The history of the past five years shows that most of the 15 countries expected to participate in and benefit from the Baker Plan haven't been able to achieve sustained economic growth. As the Morgan Guaranty Trust Co. observed, oil-exporting countries among the 15 were hit hard by the 1986 drop in oil prices, and 10 of the largest ones now have a combined current account deficit of $13 billion.
The bottom line, as the ODC's Feinberg sees it, is that there is now a "negative" flow of funds to the poor countries: the Third World is actually sending back around $30 billion a year to the rich world, mostly in interest payments on their huge debts.
Worst of all, as Morgan Guaranty says, real economic growth in the industrial world is sluggish, and protectionism -- which discourages Third World exports -- is on the rise: "There is little reason for confidence that any of these adverse trends will soon shift in the debtor countries' favor. It follows that improvement ... of their financial burdens will be a long, drawn-out affair."
The optimists who side with Baker believe that a recent $2 billion bank package for Argentina belies the contention that the banks are pulling out. They believe a similar new package will be fashioned for Brazil, and that a new "menu" approach -- modifying the Baker Plan -- will proliferate.

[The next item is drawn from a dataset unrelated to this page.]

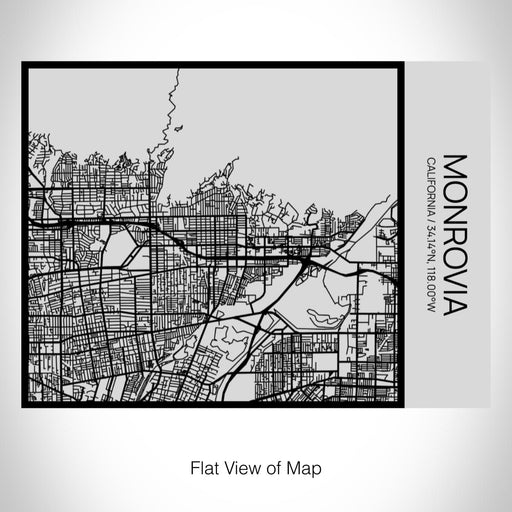 Rendered View of Monrovia California Map on 20oz Stainless Steel Insulated Bottle with Bamboo Top with printed Tactile Lines Map in Black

This approach allows the commercial banks to shift some of their outright loans into debt-to-equity swaps, or "exit bonds," or any number of other new formulas that will keep bank investment growing in the Third World.
Critics of the Baker strategy are skeptical that the "menu" options, by themselves, will be enough. They argue that the banks are shunning the continuance of their former major financing role in the Third World. Instead, they think that the World Bank, the IMF and other development banks must bear an increasing share of the burden of lending to the Third World.
The unspoken implication of that is precisely what Baker fears: if the private sector withdraws, governments -- and thus ultimately their citizen-taxpayers -- will bear an increasing share of the burden of helping recovery in the Third World.
At the moment, the IMF has a "negative" financing role: under current policy, if no changes are made, the IMF will be a recipient of large net repayments this year and next from the Latin debtors, including $2.1 billion from Brazil alone, according to Rimmer de Vries of the Morgan Guaranty Bank.
The IMF also will be receiving almost $2 billion a year from Africa, which in effect is recycled right back across the street to the World Bank.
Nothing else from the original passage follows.